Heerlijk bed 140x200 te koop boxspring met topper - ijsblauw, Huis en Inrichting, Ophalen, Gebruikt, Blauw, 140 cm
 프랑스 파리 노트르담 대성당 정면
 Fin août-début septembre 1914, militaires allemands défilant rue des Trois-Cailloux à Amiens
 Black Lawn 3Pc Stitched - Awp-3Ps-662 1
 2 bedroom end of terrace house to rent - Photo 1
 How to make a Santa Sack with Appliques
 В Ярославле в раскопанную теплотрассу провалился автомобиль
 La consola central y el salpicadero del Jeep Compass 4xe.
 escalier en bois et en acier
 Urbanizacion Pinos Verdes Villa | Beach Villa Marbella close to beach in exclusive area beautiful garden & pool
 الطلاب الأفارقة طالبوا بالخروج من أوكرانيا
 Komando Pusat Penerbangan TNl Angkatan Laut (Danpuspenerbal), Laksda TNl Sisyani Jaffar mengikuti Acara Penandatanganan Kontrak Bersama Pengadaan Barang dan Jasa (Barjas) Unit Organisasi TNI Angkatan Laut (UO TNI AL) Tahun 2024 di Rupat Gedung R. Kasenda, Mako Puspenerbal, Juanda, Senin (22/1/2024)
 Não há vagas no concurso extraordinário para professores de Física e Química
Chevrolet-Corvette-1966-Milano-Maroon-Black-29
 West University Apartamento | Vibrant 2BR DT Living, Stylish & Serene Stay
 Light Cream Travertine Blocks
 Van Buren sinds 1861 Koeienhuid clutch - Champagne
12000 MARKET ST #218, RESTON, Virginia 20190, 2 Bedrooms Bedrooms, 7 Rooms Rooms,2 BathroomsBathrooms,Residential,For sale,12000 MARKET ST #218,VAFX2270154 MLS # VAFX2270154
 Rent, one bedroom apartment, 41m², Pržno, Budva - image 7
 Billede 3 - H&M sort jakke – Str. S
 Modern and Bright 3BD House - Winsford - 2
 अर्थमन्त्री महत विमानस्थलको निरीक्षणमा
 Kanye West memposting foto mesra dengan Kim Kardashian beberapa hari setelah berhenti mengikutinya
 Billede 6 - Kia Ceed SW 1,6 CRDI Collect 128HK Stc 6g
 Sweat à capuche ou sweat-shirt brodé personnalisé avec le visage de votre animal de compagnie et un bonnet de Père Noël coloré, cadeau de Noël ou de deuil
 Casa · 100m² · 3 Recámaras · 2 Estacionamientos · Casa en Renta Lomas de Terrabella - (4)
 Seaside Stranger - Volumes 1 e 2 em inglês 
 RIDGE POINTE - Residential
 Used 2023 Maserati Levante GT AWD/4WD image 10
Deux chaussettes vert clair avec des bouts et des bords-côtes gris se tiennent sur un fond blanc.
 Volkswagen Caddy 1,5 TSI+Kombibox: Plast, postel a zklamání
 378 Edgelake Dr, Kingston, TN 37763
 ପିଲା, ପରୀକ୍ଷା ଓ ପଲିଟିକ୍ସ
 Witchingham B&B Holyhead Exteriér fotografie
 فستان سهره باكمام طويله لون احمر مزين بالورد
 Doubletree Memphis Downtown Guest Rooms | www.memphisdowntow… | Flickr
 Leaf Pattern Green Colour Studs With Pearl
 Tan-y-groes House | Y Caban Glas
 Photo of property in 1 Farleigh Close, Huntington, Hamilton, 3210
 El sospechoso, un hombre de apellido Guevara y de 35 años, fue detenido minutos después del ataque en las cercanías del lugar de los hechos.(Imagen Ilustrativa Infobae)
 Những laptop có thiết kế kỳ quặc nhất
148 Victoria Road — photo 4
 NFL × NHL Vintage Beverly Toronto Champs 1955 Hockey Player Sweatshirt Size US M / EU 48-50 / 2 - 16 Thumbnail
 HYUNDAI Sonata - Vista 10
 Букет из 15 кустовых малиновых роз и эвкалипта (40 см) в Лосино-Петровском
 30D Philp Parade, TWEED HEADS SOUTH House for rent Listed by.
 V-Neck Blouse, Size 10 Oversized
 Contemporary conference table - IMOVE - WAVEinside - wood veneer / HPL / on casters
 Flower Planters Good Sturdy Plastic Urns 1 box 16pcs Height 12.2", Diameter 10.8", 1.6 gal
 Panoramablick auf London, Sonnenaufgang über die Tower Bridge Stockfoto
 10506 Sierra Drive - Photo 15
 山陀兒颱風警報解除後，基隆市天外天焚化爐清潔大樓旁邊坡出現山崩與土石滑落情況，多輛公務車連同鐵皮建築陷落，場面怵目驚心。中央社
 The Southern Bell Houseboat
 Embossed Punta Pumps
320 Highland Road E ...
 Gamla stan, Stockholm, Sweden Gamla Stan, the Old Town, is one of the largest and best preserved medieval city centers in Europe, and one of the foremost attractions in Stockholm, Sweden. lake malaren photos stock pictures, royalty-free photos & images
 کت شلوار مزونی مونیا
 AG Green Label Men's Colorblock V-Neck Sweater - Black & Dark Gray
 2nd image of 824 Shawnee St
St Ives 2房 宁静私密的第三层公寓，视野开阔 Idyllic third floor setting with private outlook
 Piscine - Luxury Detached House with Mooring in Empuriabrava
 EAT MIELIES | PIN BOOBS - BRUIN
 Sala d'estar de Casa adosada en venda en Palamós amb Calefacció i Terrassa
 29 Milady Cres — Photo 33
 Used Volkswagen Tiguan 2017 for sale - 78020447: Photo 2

___

**Exercise:**
Will you return exactly the lines above from the one with "Não há vagas" down to the one with "148 Victoria Road — photo 4", counting both as part of the range?

**Answer for this exercise:**
 Não há vagas no concurso extraordinário para professores de Física e Química
Chevrolet-Corvette-1966-Milano-Maroon-Black-29
 West University Apartamento | Vibrant 2BR DT Living, Stylish & Serene Stay
 Light Cream Travertine Blocks
 Van Buren sinds 1861 Koeienhuid clutch - Champagne
12000 MARKET ST #218, RESTON, Virginia 20190, 2 Bedrooms Bedrooms, 7 Rooms Rooms,2 BathroomsBathrooms,Residential,For sale,12000 MARKET ST #218,VAFX2270154 MLS # VAFX2270154
 Rent, one bedroom apartment, 41m², Pržno, Budva - image 7
 Billede 3 - H&M sort jakke – Str. S
 Modern and Bright 3BD House - Winsford - 2
 अर्थमन्त्री महत विमानस्थलको निरीक्षणमा
 Kanye West memposting foto mesra dengan Kim Kardashian beberapa hari setelah berhenti mengikutinya
 Billede 6 - Kia Ceed SW 1,6 CRDI Collect 128HK Stc 6g
 Sweat à capuche ou sweat-shirt brodé personnalisé avec le visage de votre animal de compagnie et un bonnet de Père Noël coloré, cadeau de Noël ou de deuil
 Casa · 100m² · 3 Recámaras · 2 Estacionamientos · Casa en Renta Lomas de Terrabella - (4)
 Seaside Stranger - Volumes 1 e 2 em inglês 
 RIDGE POINTE - Residential
 Used 2023 Maserati Levante GT AWD/4WD image 10
Deux chaussettes vert clair avec des bouts et des bords-côtes gris se tiennent sur un fond blanc.
 Volkswagen Caddy 1,5 TSI+Kombibox: Plast, postel a zklamání
 378 Edgelake Dr, Kingston, TN 37763
 ପିଲା, ପରୀକ୍ଷା ଓ ପଲିଟିକ୍ସ
 Witchingham B&B Holyhead Exteriér fotografie
 فستان سهره باكمام طويله لون احمر مزين بالورد
 Doubletree Memphis Downtown Guest Rooms | www.memphisdowntow… | Flickr
 Leaf Pattern Green Colour Studs With Pearl
 Tan-y-groes House | Y Caban Glas
 Photo of property in 1 Farleigh Close, Huntington, Hamilton, 3210
 El sospechoso, un hombre de apellido Guevara y de 35 años, fue detenido minutos después del ataque en las cercanías del lugar de los hechos.(Imagen Ilustrativa Infobae)
 Những laptop có thiết kế kỳ quặc nhất
148 Victoria Road — photo 4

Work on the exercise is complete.